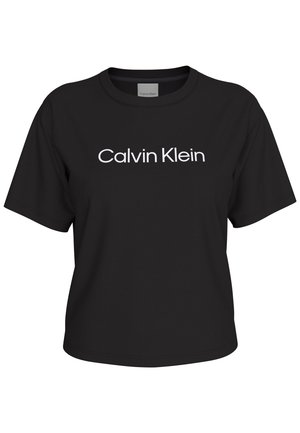 T-shirt noir à manches courtes avec l'inscription "Calvin Klein" imprimée en blanc, centrée sur le devant.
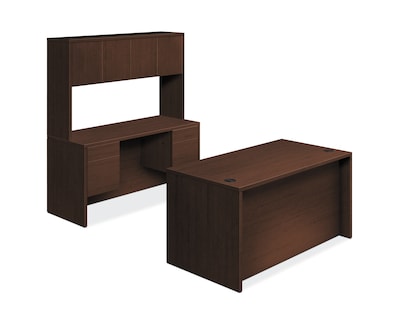 HON 10500 Series Double Pedestal Desk / Credenza, 60W x 98D, Mocha Finish (HON105DCH6098MO)
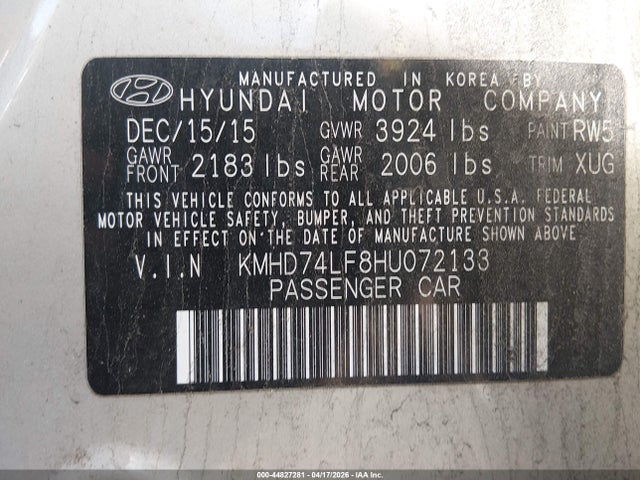 Продажа на аукционе авто 2017 Hyundai Elantra Se, vin: KMHD74LF8HU072133, номер лота: 44827281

━━━━━━

#### [BRIEF]
Without including any picture, reproduce the material above word for word.

#### [PROBLEM SOLUTION]
 T-shirt noir à manches courtes avec l'inscription "Calvin Klein" imprimée en blanc, centrée sur le devant.
 HON 10500 Series Double Pedestal Desk / Credenza, 60W x 98D, Mocha Finish (HON105DCH6098MO)
 Продажа на аукционе авто 2017 Hyundai Elantra Se, vin: KMHD74LF8HU072133, номер лота: 44827281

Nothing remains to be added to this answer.